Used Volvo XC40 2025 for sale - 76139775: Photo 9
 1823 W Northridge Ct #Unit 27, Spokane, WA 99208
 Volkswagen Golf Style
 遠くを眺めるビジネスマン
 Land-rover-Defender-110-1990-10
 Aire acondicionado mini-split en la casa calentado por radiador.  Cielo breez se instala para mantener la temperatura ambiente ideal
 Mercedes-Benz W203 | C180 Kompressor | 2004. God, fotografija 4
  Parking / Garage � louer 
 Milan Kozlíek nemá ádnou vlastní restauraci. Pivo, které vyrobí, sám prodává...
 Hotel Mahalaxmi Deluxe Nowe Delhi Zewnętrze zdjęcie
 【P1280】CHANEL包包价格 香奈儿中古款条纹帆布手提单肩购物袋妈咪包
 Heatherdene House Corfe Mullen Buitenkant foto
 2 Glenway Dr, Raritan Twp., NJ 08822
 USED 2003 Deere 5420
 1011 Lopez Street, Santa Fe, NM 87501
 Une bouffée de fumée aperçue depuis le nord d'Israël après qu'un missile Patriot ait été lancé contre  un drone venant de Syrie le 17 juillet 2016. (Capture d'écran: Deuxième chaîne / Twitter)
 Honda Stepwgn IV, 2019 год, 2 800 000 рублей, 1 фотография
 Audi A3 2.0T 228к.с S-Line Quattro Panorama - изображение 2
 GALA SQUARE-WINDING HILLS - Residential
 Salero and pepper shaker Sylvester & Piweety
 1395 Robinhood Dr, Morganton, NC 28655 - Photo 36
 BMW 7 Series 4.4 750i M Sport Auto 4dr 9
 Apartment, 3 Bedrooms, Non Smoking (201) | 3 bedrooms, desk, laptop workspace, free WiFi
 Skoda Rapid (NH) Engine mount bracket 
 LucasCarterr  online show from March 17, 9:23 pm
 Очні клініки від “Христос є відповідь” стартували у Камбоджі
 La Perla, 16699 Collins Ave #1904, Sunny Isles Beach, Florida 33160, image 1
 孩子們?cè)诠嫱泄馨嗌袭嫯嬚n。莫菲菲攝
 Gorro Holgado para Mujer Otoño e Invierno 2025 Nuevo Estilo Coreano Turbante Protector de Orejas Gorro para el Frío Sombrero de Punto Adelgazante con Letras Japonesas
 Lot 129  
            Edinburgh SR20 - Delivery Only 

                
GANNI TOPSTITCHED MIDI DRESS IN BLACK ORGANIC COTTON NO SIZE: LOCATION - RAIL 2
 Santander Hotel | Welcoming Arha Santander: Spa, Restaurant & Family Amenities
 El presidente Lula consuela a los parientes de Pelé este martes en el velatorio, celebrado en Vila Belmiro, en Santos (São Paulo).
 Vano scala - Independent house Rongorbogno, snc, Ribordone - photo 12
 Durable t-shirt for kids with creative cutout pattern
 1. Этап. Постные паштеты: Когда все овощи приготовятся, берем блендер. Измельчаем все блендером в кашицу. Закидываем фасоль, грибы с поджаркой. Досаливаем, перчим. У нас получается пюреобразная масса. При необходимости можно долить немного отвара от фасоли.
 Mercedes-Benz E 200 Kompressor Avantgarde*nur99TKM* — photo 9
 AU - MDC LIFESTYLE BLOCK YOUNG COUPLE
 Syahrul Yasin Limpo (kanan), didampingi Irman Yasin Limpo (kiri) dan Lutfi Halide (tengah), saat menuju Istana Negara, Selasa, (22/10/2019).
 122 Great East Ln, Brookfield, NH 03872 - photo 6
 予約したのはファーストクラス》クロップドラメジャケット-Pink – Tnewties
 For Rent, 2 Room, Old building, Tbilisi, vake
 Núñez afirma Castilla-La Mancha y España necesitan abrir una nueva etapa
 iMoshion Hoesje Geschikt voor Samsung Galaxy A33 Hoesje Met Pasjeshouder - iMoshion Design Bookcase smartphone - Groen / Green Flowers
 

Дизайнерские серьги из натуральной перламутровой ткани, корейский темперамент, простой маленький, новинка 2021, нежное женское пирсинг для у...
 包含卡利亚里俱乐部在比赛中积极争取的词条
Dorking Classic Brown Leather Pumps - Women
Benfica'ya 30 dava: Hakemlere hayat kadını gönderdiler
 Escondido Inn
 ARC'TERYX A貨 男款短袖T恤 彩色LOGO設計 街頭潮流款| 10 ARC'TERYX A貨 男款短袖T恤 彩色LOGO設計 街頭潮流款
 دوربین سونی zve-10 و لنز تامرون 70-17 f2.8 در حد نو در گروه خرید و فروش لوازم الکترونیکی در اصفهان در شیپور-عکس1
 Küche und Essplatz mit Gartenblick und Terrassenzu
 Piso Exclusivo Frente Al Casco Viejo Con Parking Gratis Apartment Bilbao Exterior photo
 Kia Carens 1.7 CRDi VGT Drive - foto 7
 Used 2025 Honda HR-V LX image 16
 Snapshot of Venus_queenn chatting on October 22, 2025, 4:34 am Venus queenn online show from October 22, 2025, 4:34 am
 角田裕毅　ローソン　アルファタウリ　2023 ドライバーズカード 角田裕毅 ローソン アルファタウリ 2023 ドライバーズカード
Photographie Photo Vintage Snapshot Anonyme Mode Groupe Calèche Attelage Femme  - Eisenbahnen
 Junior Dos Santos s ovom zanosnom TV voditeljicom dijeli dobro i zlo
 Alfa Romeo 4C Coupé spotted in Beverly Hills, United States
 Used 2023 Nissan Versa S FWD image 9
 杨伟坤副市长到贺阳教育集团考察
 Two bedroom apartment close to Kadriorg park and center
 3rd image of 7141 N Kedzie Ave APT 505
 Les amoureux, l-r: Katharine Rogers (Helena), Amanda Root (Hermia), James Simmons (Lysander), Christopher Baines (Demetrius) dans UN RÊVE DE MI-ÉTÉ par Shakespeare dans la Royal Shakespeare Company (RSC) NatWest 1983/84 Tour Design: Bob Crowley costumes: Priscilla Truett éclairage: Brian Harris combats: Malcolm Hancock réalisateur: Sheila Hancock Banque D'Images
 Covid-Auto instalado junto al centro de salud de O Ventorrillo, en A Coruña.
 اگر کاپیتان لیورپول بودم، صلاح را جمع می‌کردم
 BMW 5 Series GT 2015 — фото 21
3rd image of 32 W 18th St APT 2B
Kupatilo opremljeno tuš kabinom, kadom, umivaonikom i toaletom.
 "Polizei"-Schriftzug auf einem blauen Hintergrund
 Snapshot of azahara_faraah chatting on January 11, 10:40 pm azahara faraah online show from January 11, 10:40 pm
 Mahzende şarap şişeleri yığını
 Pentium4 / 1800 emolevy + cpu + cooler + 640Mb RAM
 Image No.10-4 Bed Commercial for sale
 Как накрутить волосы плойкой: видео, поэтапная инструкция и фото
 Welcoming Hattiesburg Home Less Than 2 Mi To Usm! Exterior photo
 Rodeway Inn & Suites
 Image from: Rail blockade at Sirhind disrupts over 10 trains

> _PROBLEM STATEMENT_
Write down every line of the data exactly as it appears above.

> _RESULT_
Used Volvo XC40 2025 for sale - 76139775: Photo 9
 1823 W Northridge Ct #Unit 27, Spokane, WA 99208
 Volkswagen Golf Style
 遠くを眺めるビジネスマン
 Land-rover-Defender-110-1990-10
 Aire acondicionado mini-split en la casa calentado por radiador.  Cielo breez se instala para mantener la temperatura ambiente ideal
 Mercedes-Benz W203 | C180 Kompressor | 2004. God, fotografija 4
  Parking / Garage � louer 
 Milan Kozlíek nemá ádnou vlastní restauraci. Pivo, které vyrobí, sám prodává...
 Hotel Mahalaxmi Deluxe Nowe Delhi Zewnętrze zdjęcie
 【P1280】CHANEL包包价格 香奈儿中古款条纹帆布手提单肩购物袋妈咪包
 Heatherdene House Corfe Mullen Buitenkant foto
 2 Glenway Dr, Raritan Twp., NJ 08822
 USED 2003 Deere 5420
 1011 Lopez Street, Santa Fe, NM 87501
 Une bouffée de fumée aperçue depuis le nord d'Israël après qu'un missile Patriot ait été lancé contre  un drone venant de Syrie le 17 juillet 2016. (Capture d'écran: Deuxième chaîne / Twitter)
 Honda Stepwgn IV, 2019 год, 2 800 000 рублей, 1 фотография
 Audi A3 2.0T 228к.с S-Line Quattro Panorama - изображение 2
 GALA SQUARE-WINDING HILLS - Residential
 Salero and pepper shaker Sylvester & Piweety
 1395 Robinhood Dr, Morganton, NC 28655 - Photo 36
 BMW 7 Series 4.4 750i M Sport Auto 4dr 9
 Apartment, 3 Bedrooms, Non Smoking (201) | 3 bedrooms, desk, laptop workspace, free WiFi
 Skoda Rapid (NH) Engine mount bracket 
 LucasCarterr  online show from March 17, 9:23 pm
 Очні клініки від “Христос є відповідь” стартували у Камбоджі
 La Perla, 16699 Collins Ave #1904, Sunny Isles Beach, Florida 33160, image 1
 孩子們?cè)诠嫱泄馨嗌袭嫯嬚n。莫菲菲攝
 Gorro Holgado para Mujer Otoño e Invierno 2025 Nuevo Estilo Coreano Turbante Protector de Orejas Gorro para el Frío Sombrero de Punto Adelgazante con Letras Japonesas
 Lot 129  
            Edinburgh SR20 - Delivery Only 

                
GANNI TOPSTITCHED MIDI DRESS IN BLACK ORGANIC COTTON NO SIZE: LOCATION - RAIL 2
 Santander Hotel | Welcoming Arha Santander: Spa, Restaurant & Family Amenities
 El presidente Lula consuela a los parientes de Pelé este martes en el velatorio, celebrado en Vila Belmiro, en Santos (São Paulo).
 Vano scala - Independent house Rongorbogno, snc, Ribordone - photo 12
 Durable t-shirt for kids with creative cutout pattern
 1. Этап. Постные паштеты: Когда все овощи приготовятся, берем блендер. Измельчаем все блендером в кашицу. Закидываем фасоль, грибы с поджаркой. Досаливаем, перчим. У нас получается пюреобразная масса. При необходимости можно долить немного отвара от фасоли.
 Mercedes-Benz E 200 Kompressor Avantgarde*nur99TKM* — photo 9
 AU - MDC LIFESTYLE BLOCK YOUNG COUPLE
 Syahrul Yasin Limpo (kanan), didampingi Irman Yasin Limpo (kiri) dan Lutfi Halide (tengah), saat menuju Istana Negara, Selasa, (22/10/2019).
 122 Great East Ln, Brookfield, NH 03872 - photo 6
 予約したのはファーストクラス》クロップドラメジャケット-Pink – Tnewties
 For Rent, 2 Room, Old building, Tbilisi, vake
 Núñez afirma Castilla-La Mancha y España necesitan abrir una nueva etapa
 iMoshion Hoesje Geschikt voor Samsung Galaxy A33 Hoesje Met Pasjeshouder - iMoshion Design Bookcase smartphone - Groen / Green Flowers
 

Дизайнерские серьги из натуральной перламутровой ткани, корейский темперамент, простой маленький, новинка 2021, нежное женское пирсинг для у...
 包含卡利亚里俱乐部在比赛中积极争取的词条
Dorking Classic Brown Leather Pumps - Women
Benfica'ya 30 dava: Hakemlere hayat kadını gönderdiler
 Escondido Inn
 ARC'TERYX A貨 男款短袖T恤 彩色LOGO設計 街頭潮流款| 10 ARC'TERYX A貨 男款短袖T恤 彩色LOGO設計 街頭潮流款
 دوربین سونی zve-10 و لنز تامرون 70-17 f2.8 در حد نو در گروه خرید و فروش لوازم الکترونیکی در اصفهان در شیپور-عکس1
 Küche und Essplatz mit Gartenblick und Terrassenzu
 Piso Exclusivo Frente Al Casco Viejo Con Parking Gratis Apartment Bilbao Exterior photo
 Kia Carens 1.7 CRDi VGT Drive - foto 7
 Used 2025 Honda HR-V LX image 16
 Snapshot of Venus_queenn chatting on October 22, 2025, 4:34 am Venus queenn online show from October 22, 2025, 4:34 am
 角田裕毅　ローソン　アルファタウリ　2023 ドライバーズカード 角田裕毅 ローソン アルファタウリ 2023 ドライバーズカード
Photographie Photo Vintage Snapshot Anonyme Mode Groupe Calèche Attelage Femme  - Eisenbahnen
 Junior Dos Santos s ovom zanosnom TV voditeljicom dijeli dobro i zlo
 Alfa Romeo 4C Coupé spotted in Beverly Hills, United States
 Used 2023 Nissan Versa S FWD image 9
 杨伟坤副市长到贺阳教育集团考察
 Two bedroom apartment close to Kadriorg park and center
 3rd image of 7141 N Kedzie Ave APT 505
 Les amoureux, l-r: Katharine Rogers (Helena), Amanda Root (Hermia), James Simmons (Lysander), Christopher Baines (Demetrius) dans UN RÊVE DE MI-ÉTÉ par Shakespeare dans la Royal Shakespeare Company (RSC) NatWest 1983/84 Tour Design: Bob Crowley costumes: Priscilla Truett éclairage: Brian Harris combats: Malcolm Hancock réalisateur: Sheila Hancock Banque D'Images
 Covid-Auto instalado junto al centro de salud de O Ventorrillo, en A Coruña.
 اگر کاپیتان لیورپول بودم، صلاح را جمع می‌کردم
 BMW 5 Series GT 2015 — фото 21
3rd image of 32 W 18th St APT 2B
Kupatilo opremljeno tuš kabinom, kadom, umivaonikom i toaletom.
 "Polizei"-Schriftzug auf einem blauen Hintergrund
 Snapshot of azahara_faraah chatting on January 11, 10:40 pm azahara faraah online show from January 11, 10:40 pm
 Mahzende şarap şişeleri yığını
 Pentium4 / 1800 emolevy + cpu + cooler + 640Mb RAM
 Image No.10-4 Bed Commercial for sale
 Как накрутить волосы плойкой: видео, поэтапная инструкция и фото
 Welcoming Hattiesburg Home Less Than 2 Mi To Usm! Exterior photo
 Rodeway Inn & Suites
 Image from: Rail blockade at Sirhind disrupts over 10 trains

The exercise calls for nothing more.